The applicant, during submissions in this Court argued that, although the second approach was not erroneous, by first dealing with the aggregate sentence the totality principle was infringed, with the consequence that the sentencing discretion miscarried, and that error could not be cured by the second approach. This followed, the applicant argued, because the second approach was neither independent to, nor separate from, the first approach with the consequence that the principle of totality had not been applied in the right way, and at the right time. The thrust of what was argued was that the sentencing judge determined - both in substance and in form - the aggregate sentence first, thereby denying the proper application of the principle of totality.
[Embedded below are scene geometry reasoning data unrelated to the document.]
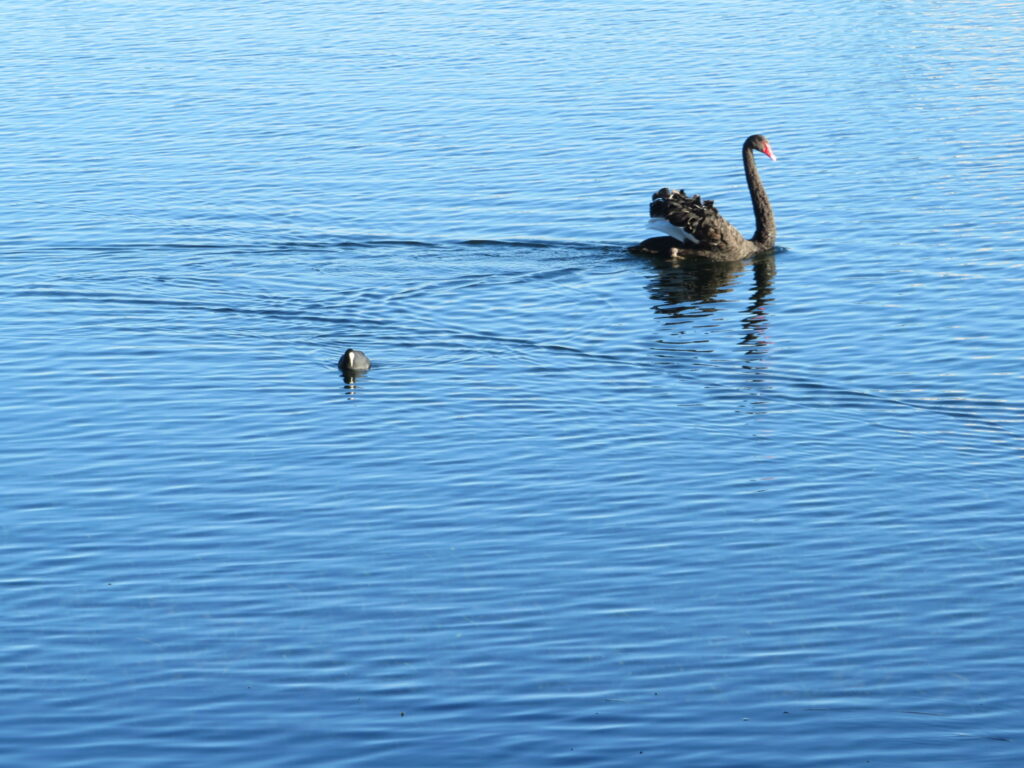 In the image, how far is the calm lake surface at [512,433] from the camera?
14.3m

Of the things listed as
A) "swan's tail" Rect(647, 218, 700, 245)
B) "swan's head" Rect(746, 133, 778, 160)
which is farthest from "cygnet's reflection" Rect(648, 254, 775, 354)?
"swan's head" Rect(746, 133, 778, 160)

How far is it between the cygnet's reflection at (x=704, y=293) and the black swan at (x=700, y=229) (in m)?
0.21

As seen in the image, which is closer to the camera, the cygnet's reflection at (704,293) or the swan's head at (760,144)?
the cygnet's reflection at (704,293)

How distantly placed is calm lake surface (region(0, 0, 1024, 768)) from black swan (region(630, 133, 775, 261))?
49 cm

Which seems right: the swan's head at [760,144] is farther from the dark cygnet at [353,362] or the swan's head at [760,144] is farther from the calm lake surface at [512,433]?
the dark cygnet at [353,362]

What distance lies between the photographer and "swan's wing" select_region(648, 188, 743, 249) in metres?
27.9

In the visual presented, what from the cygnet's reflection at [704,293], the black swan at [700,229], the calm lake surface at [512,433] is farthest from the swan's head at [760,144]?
the cygnet's reflection at [704,293]

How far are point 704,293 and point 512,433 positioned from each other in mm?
7939

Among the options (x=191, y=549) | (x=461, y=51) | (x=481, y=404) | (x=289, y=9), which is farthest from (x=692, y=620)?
(x=289, y=9)

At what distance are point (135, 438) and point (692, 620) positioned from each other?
8324 mm

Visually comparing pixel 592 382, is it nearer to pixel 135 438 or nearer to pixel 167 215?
pixel 135 438

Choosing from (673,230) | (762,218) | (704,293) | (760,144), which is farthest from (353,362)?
(760,144)

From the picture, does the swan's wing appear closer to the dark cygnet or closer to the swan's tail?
the swan's tail

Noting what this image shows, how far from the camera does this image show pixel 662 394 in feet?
72.6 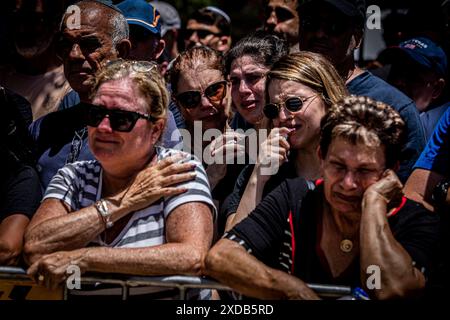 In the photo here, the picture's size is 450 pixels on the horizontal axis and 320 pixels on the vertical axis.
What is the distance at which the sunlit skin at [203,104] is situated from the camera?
4.84 m

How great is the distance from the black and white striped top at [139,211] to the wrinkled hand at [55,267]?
0.23 m

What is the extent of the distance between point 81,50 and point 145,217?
1579mm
In my view, although it might have been preferable for the sentencing judge to approach the matter more straightforwardly (and solely) by indicating the sentences for each offence, applying a discount for the guilty plea to each of them in conformity with s 53A(2) of the CSP Act, and thereafter imposing the aggregate sentence, that he did not do so did not lead to the principle of totality being bypassed, for the following reasons. First, there is nothing in the order that the sentences were announced that dictates such a conclusion. Indeed, the applicant, during the course of the hearing in this Court, did not contest the proposition that it was both common, and acceptable, for sentencing courts to announce the aggregate sentence before announcing the indicative sentences, and also accepted that it would not be erroneous for a sentencing court to approach the matter in that way. Secondly, when one examines the reasons of the sentencing judge, his Honour makes plain that before announcing any sentences, he has "had regard to the principle of totality, given there are multiple offences and the principle of proportionality" (J17). It is apparent from where that consideration occurred in the reasons of the sentencing judge that, consistent with authority, the sentencing judge dealt with totality at the end of the sentencing process. Thirdly, following on from the second matter, when one has regard to the aggregate sentence imposed and the indicative sentences, it is apparent that there was only a very small degree of accumulation. Thus, rather than suggesting the erroneous application or subversion of the principle of totality, to my mind the sentencing structure reinforces the opposite conclusion - that the sentencing judge gave some prominence to the principle of totality. Fourthly, having expressed these matters, thereafter the reasons themselves contain a clear statement that the discount was applied to the indicative sentences. Fifthly, although the sentencing judge did, twice, remark that the "head sentence" was four years and that was "following the discount of 25 percent from a head sentence of six years", in my view when the sentencing judgment is read as a whole, those remarks, of themselves, do not suggest that the sentencing judge impermissibly engaged in "reverse engineering" so as to fit the indicative sentences within the aggregate sentence that had been pronounced, as was submitted, and infringe the principle of totality.
[4]
Ground 2: the error in finding there was actual intentional use of a knife
[5]
Introduction
By this ground of appeal, the applicant argues that the sentencing judge erred in finding that, following the struggle with the broom and the wrestling, there was by the applicant "the actual intentional use of a knife to slash across Mr Browne's torso and it is only by the slimmest of margins that the knife only cut his shirt and not his stomach" (J11). The applicant submits that the finding, which was made in the context of the sentencing judge assessing the objective gravity of offence two (the intimidation offence involving Mr Browne), was "not open" and, further, was not "in accordance with the submissions of the parties on sentence" (applicant's submissions at [49]).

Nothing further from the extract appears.